Barbless Hooks for Flies

Fishing with properly debarbed hooks is more effective than many anglers think

It was a classic bluefish blitz on a pristine autumn day. After catching and releasing several blues, I put the rod aside and picked up the camera while observing other anglers in action.

I noticed several spin fishermen wrestling with treble hooks, long-nose pliers and bluefish teeth. After mangling the fish to a degree, some anglers literally kicked them back into the wash. But one fly-rodder stood out from the rest and made it look easy.

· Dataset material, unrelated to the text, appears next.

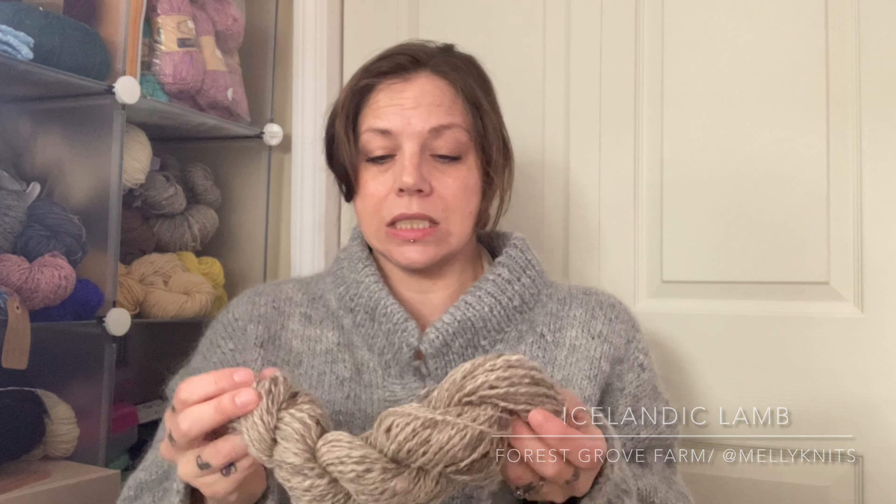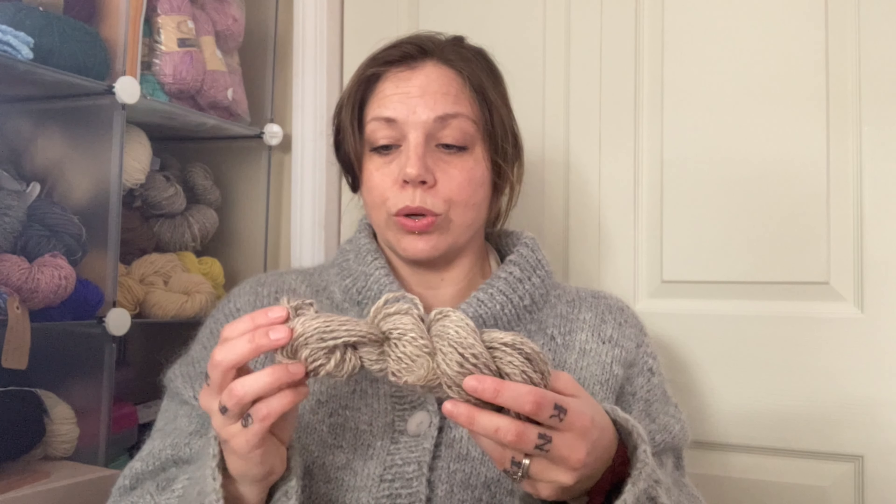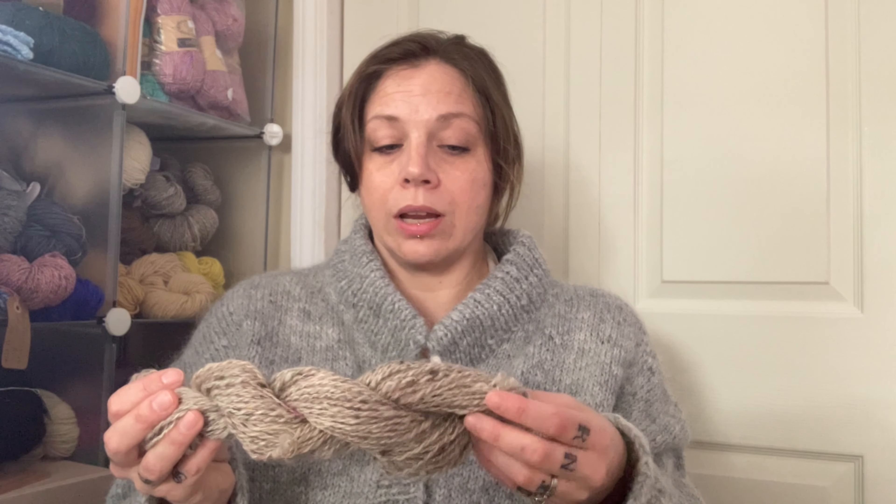The other fleece I've been sampling is Icelandic Lamb from Forest Grove Farms, which I found through Melly Knits on Instagram via Tangles and Starlight Stitches. I had spun a singles of it when I first got it, which was gorgeous, but I really wanted to explore what happened when I carded it, spun it, and did a two-ply. The result is wonderful. I don't have much left in my shop and I may keep the rest for myself — it's pretty special stuff.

Retrieving blue after blue, she deftly slipped the hook from the marauder's jaws while leaving the game fish partially submerged. Then she was quickly casting again. I knew immediately she was using a completely debarbed hook.

Barbless Situations
A wild blitz is one event where a debarbed hook pays handsome dividends. When school-size striped bass are easy and abundant during springtime, a barbless hook permits fast releases.

Fishing on jetties and rocks is a tough game - here, a barbless hook takes a measure of difficulty from landing and releasing fish from the rocky structure and generally allows a snagged fly to be worked free. Certainly any fly-fishing newcomer will feel more secure learning jetty techniques while employing a pattern with no barb.

Of course, a barb is designed to penetrate a fish's mouth and then stay there. Trouble is, it works that way all around. Anyone who fishes hard and long - particularly under adverse conditions - most likely will deal with hooking their clothing, waders or skin at some time.

A few years ago at the West Wall, a popular Rhode Island jetty, two fly-rodders (at different times) gave me firsthand testimony of regretting to use barbless hooks. Both had tossed weighted patterns in windy conditions, and each had inadvertently hooked his face. The fishermen had used debarbed hooks on prior trips and were convinced that had they been doing so the days they suffered their accidents, the end results would have been much different.

Instead of aborting the fishing trip to have an embedded hook surgically removed, they could have slipped the fly out with much less aggravation, perhaps even avoiding a follow-up visit to a physician. Fortunately, these accidents are infrequent, yet most of us can relate similar stories of when a fly with the barb removed would have lessened the severity of a mishap.